Semester of Degree Completion

1985

Thesis Director

Richard E. Rogers

Abstract

The plays of Edward Albee are frequently examinations of characters who are unable to love or to be loved. A central and recurring conflict which runs through many of Albee's plays is the conflict which stems from the lack of success which the characters often experience as they strive to find love. The uncertainty and ambiguity which surround the abstraction called "love" leave the characters with feelings of unhappiness, frustration, fear, self-hatred, and despondency. Though the individuals in Albee's plays are aware that love is the ingredient which is missing from their lives, none knows how to go about alleviating such a emotional deficiency. The result is a collection of characters who desperately want love, but who are, nevertheless, totally unequipped to attain it.

The purpose of this study is to demonstrate and examine the pervasiveness of "failed love" and to explore it as a theme in the drama of Edward Albee. Utilizing examples from five representative Albee works--The Zoo Story, Who's Afraid of Virginia Woolf?, A Delicate Balance, All Over, and Seascape--as well as previous criticism on Albee's drama, I will analyze the "failed love" theme. A framework for examining the phenomenon of "love" is provided by the inclusion of insights and observations on the topic from Dr. Erich Fromm's The Art of Loving (1956). Though other critics have alluded to the significance of the "failed love" theme in Albee's plays, few have delved deeply into the area and none has provided a working definition of "love" or criteria to differentiate love from other similar (but inferior) phenomena. The goal of the present study is to give greater insight into the forces at work in Albee's powerful drama by showing the major role that love and its routine failure play in the development of the theme and plot of each play.

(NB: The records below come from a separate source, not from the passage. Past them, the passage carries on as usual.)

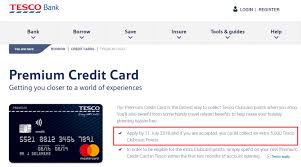 You can apply for tesco credit cards on tesco credit card's website. Highest Ever Public Bonus On Tesco Premium Credit Card Launched Worth 12 000 Avios Or 12 500 Virgin Miles Tricks Of The Trade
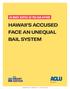 HAWAII S ACCUSED FACE AN UNEQUAL BAIL SYSTEM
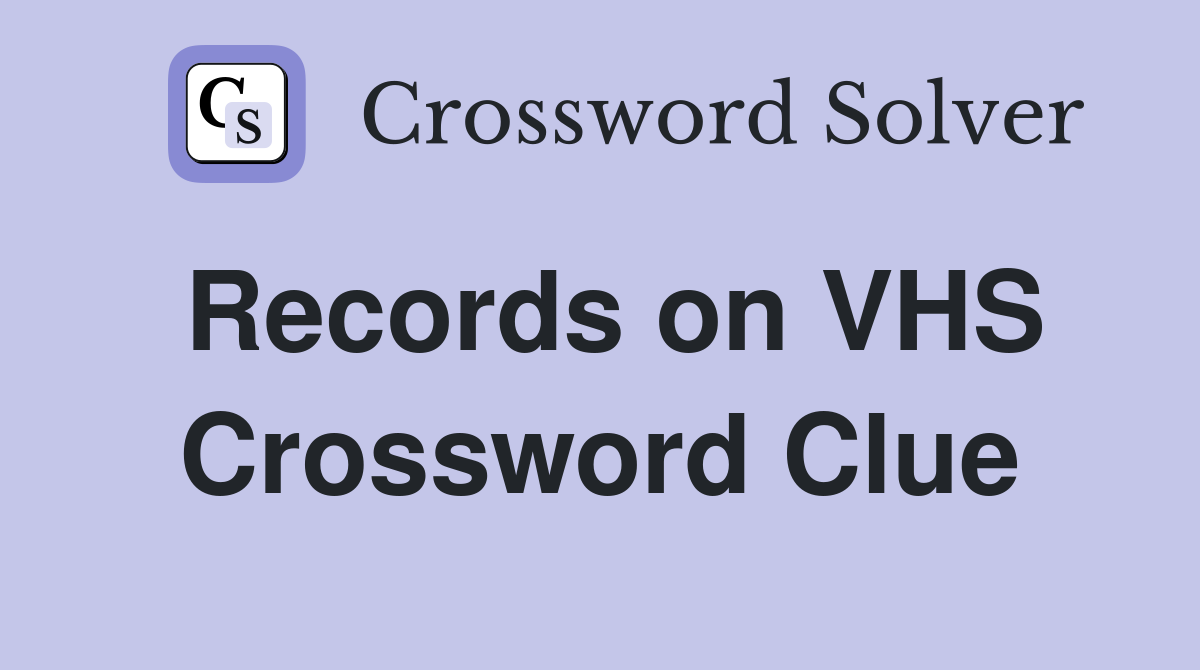 Records on VHS Crossword Clue
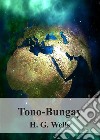 Tono-Bungay. E-book. Formato PDF ebook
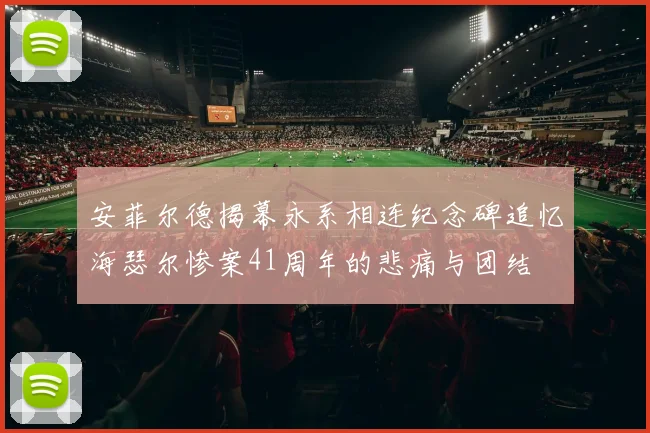 安菲尔德揭幕永系相连纪念碑追忆海瑟尔惨案41周年的悲痛与团结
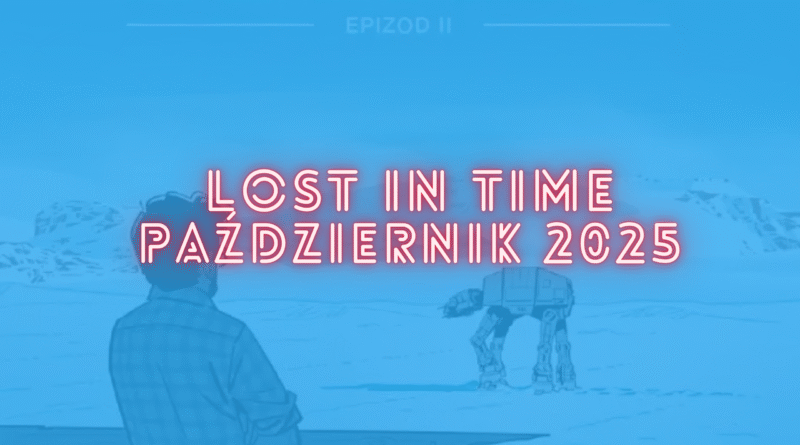 Zapowiedzi Lost in Time na pazdziernik 2025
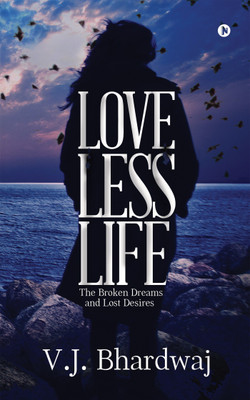 Loveless Life  - The Broken Dreams and Lost Desires(English, Paperback, Bhardwaj V J)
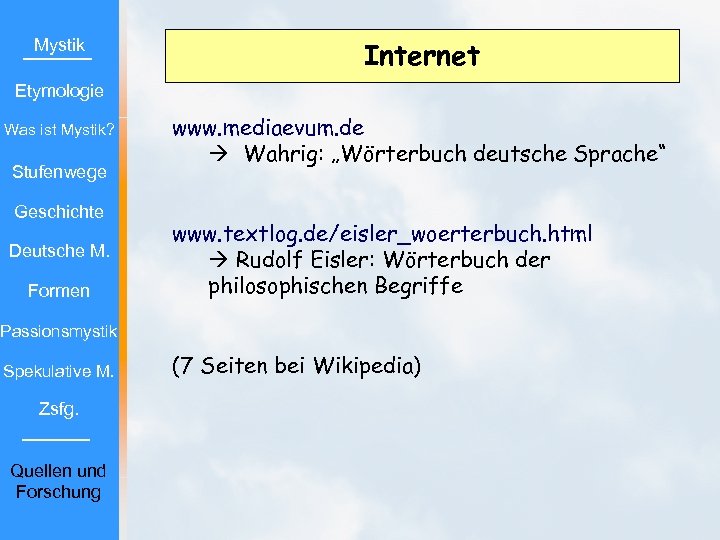 Mystik Internet Etymologie Was ist Mystik? Stufenwege Geschichte Deutsche M. Formen www. mediaevum. de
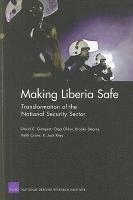 Daivd C Gompert, Olga Oliker, Brooke Stearns, Keith Crane, Jack K Riley - Making Liberia Safe, Häftad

This examination will focus chiefly on four specific areas in which Albee's characters routinely fail in their quests for love. After briefly discussing the philosophies of Albee and Fromm on the subject of Man's alienation and his need for love, I will provide an overview of the prevalence of the problem of alienation in twentieth-century Western culture. Each of the remaining sections will deal with one of the obstacles to the achievement of love which regularly surface in the plays of Edward Albee. Specifically, those obstacles include: chronic passivity, personal immaturity, a lack of love during childhood, and an inability to love oneself.